=== STORED DATA ===

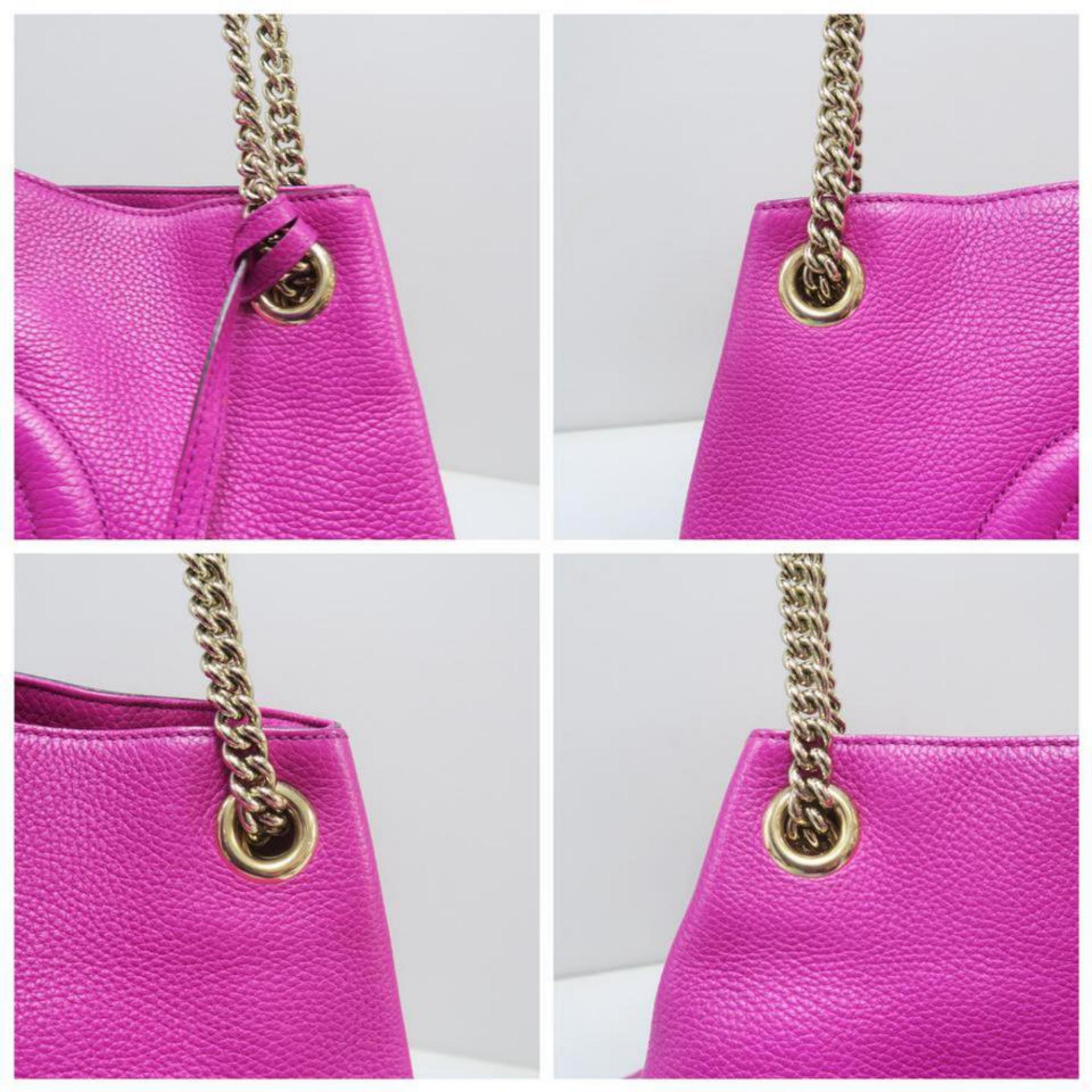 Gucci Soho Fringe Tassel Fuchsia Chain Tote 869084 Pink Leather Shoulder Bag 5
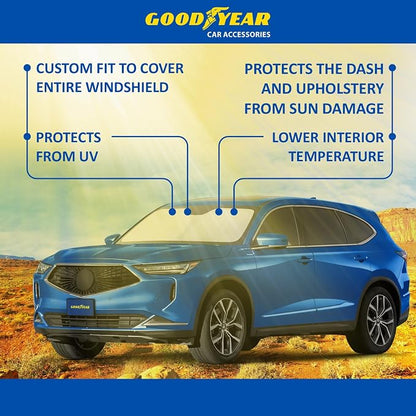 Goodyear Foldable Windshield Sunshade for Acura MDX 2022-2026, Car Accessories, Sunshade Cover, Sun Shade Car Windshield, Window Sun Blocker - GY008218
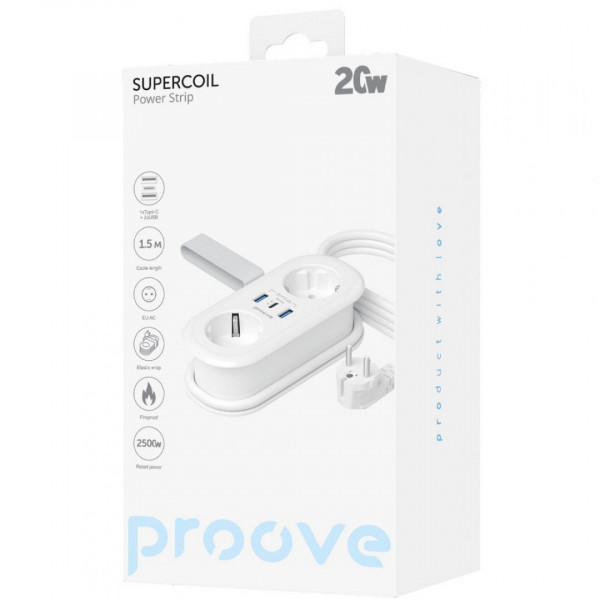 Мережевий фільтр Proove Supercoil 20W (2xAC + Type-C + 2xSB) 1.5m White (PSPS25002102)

===

THE TASK:
Each word of the data should be repeated exactly, and the pictures left out.

ANSWER SECTION:
 Gucci Soho Fringe Tassel Fuchsia Chain Tote 869084 Pink Leather Shoulder Bag 5
 Goodyear Foldable Windshield Sunshade for Acura MDX 2022-2026, Car Accessories, Sunshade Cover, Sun Shade Car Windshield, Window Sun Blocker - GY008218
 Мережевий фільтр Proove Supercoil 20W (2xAC + Type-C + 2xSB) 1.5m White (PSPS25002102)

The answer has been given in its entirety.